La Révolution



Rousselin


Le comité de salut public donne à Rousselin l’ordre de se rendre à Troyes, le revêtant des pouvoirs nécessaires « pour renouveler les autorités constituées, faire arrêter tous les malveillants, et prendre les mesures propres à rétablir l’esprit public  dans cette commune, et la porter à la hauteur de la Révolution »

 

La ville de Troyes eut ainsi un comité révolutionnaire, opérant sous la direction d'un tyran farouche, et le disputant avec Bô en férocité. Ce tyran est donc Rousselin, ami et collaborateur de Gusman, Peteyra, Clémence, Marchand… dans le fameux comité d'insurrection, organisé au 31 mai, an 2, contre la représentation nationale.

 

Les intrigants qui s'agitaient à Troyes, ne trouvant pas que les mesures révolutionnaires allassent assez vite à leur gré, s’étaient rendus à Paris, pour y peindre leur patrie sous les couleurs les plus noires. Ils firent si bien, que le comité de salut-public d'alors, leur donne, pour la régénérer, à ce qu'il prétendait, ce jeune homme de vingt-deux ans, Alexandre-Charles Rousselin Corbeau de Saint-Albin.

 

A peine arrivé à Troyes, ce grave personnage autorise un comité central révolutionnaire, indépendamment d'un autre comité dit aussi révolutionnaire, s'environne d'une garde, et ne donne connaissance de ses pouvoirs à aucune autorité constituée.

 

Pour augmenter l’autorité de Rousselin, le comité mit à sa disposition un détachement de l’armée révolutionnaire, composé de 200 hommes, qui devaient rester à Troyes aussi longtemps que le commissaire civil jugerait leur présence nécessaire. Cette garde, composée d’hommes sans scrupules, était disposée à exécuter aveuglement les mesures les plus rigoureuses.

 

Ce fut le 15 novembre 1793 que Rousselin arriva à Troyes. Lorsque le détachement fit son entrée en ville, il lui offrit un repas civique, dans lequel on but 250 bouteilles de vin !

 

Il se rendit immédiatement à la Société populaire, où, après avoir parlé de l’armée révolutionnaire, il s’écria : « Je suis venu par le peuple pour les sans-culottes, je ne ferai rien que par les sans-culottes de Troyes ». La Société applaudit à cette déclaration, et engagea Rousselin à s’environner du comité révolutionnaire « pour y puiser les lumières dont il avait besoin dans un pays qui lui était tout à fait étranger ». Rousselin alla le même jour au comité. Ce fut la seule autorité avec laquelle il se mit en rapport, et c’était la seule qui ne tint pas ses pouvoirs de l’élection. Il y indiqua les mesures qu’il comptait prendre pour l’épurement des autorités, l’arrestation des suspects, la suppression des prêtres, la fermeture des églises, l’enlèvement des objets précieux qu’elles contenaient.
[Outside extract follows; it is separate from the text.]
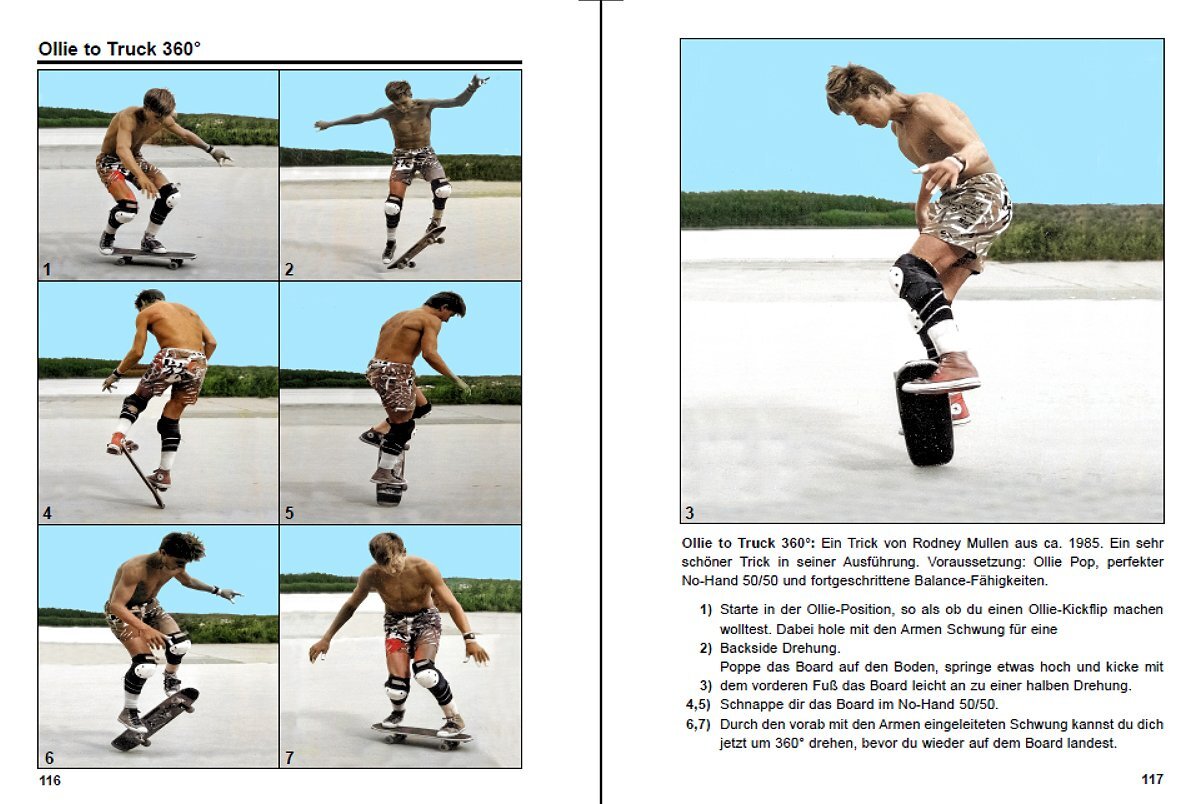 Freestyle Skateboard Buch Teil-1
Ces mesures furent approuvées par les membres du comité, qui espéraient obtenir de Rousselin une partie des places de l’administration, dont les titulaires seraient destitués. Pour achever l’œuvre de destruction qui, aux yeux des jacobins, devait compléter la Révolution, il fallait achever d’anéantir la religion, l’autorité, la richesse, et, par conséquent, frapper les prêtres, destituer les administrateurs, spolier les riches, les premiers accusés de fanatisme, les seconds de modération, les derniers d’égoïsme et d’accaparement. Rousselin accomplit cette triple tâche avec autant de vigueur que de promptitude, en employant les moyens d’intimidation que lui fournissaient ses pouvoirs illimités.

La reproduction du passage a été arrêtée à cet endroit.